EXHUMATION – Consider This
Exhumation is and always will be among India’s biggest death metal represents. Having been around since 2002, the quartet has battled through extended stretches of inactivity to bring out their first full length album in almost 10 years and first release since ‘For Personal Consumption Only’ in 2006.
The first track on ‘Consider This’ is ‘All That Is.’ The song (and pretty much the entire album) is built upon some stellar riffing courtesy Prashant Shah. The drumming is intense, maybe too intense and ends up sounding rather too mechanical at times. The vocal assault courtesy Aditya Mehta explores the extremes of the human voice box and it would be safe to say that his extremes are pretty fuckin’ extreme. The band’s earlier releases presented a more guttural tone, along the lines of Suffocation and Disgorge but ‘Consider This’ includes more varied high pitched screams as well. It works, too…
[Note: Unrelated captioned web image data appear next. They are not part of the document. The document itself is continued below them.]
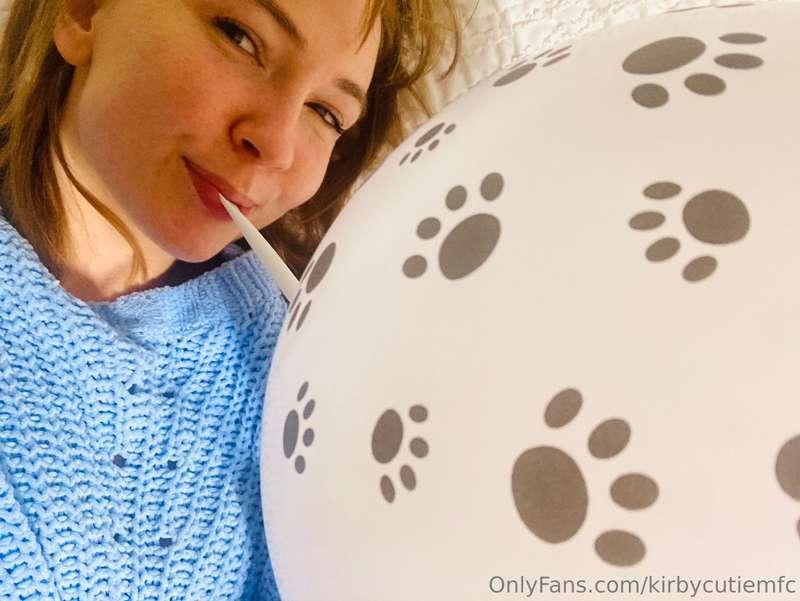 Check your inbox for today’s cute little blow to pop from Ki..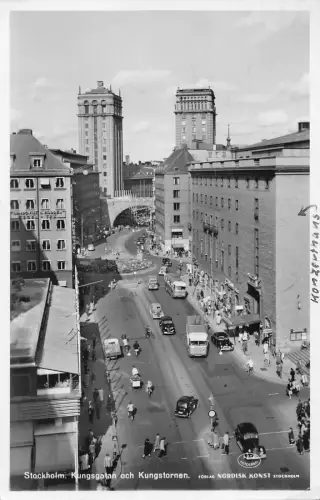 B239 Schweden Stockholm Kungsgatan och Kungstornen Autos Bus RPPC Vintage Postkarte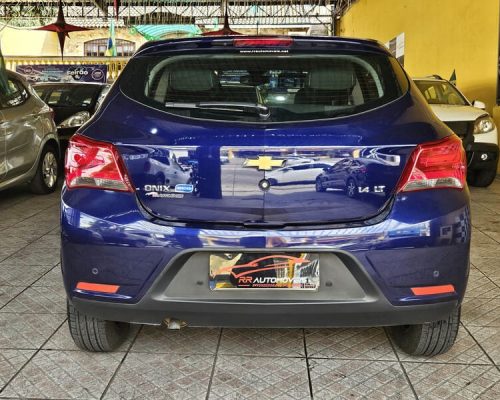 5-CHEVROLET-ONIX-1.4-LT-8V-FLEXPOWER-MANUAL-AZUL-2018-RR-AUTOMOVEIS-LOJA-DE-CARROS-FREGUESIA-DO-O-AVENIDA-PETRONIO-PORTELA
‘Blood Drenched Flags’ and ‘Black Plague’ continue the similar savage pounding to the senses and ‘Hell Forbid’ maintains the vibe of rhythmic relentlessness. The essential ‘sound’ of the album is a very violent, aggressive flurry of notes with some riffs repeating themselves in various avatars over the length of the album. The title track, ‘Consider This’ gets my pick of the album. The deeply intrinsic, burrowing hooks on the song dig deeper into your flesh, which is all that needs to be said about the song. As the album plays on and a minute turns to five, the initial whiff of evil that was felt turns into a fully blown gust of apocalyptic destruction/
That said, through out the entire album, there’s a very disturbing lack of energy in the music, a trend that hasn’t presented itself in any of the band’s previous outputs. The music is brazenly barbaric and downright terrorizing at times. Case in point: ‘Absolute Power Now.’ Yet, the slick, layered production wipes away the grime and dirt that brutal death metal revels in, and extinguishes the living pulse of the music. Not to take anything away from Kuber Sharma, the man behind the console but to me, this music is one that is best served raw and ‘Consider This’ sounds far too processed and lifeless to fit into the greater scheme of things.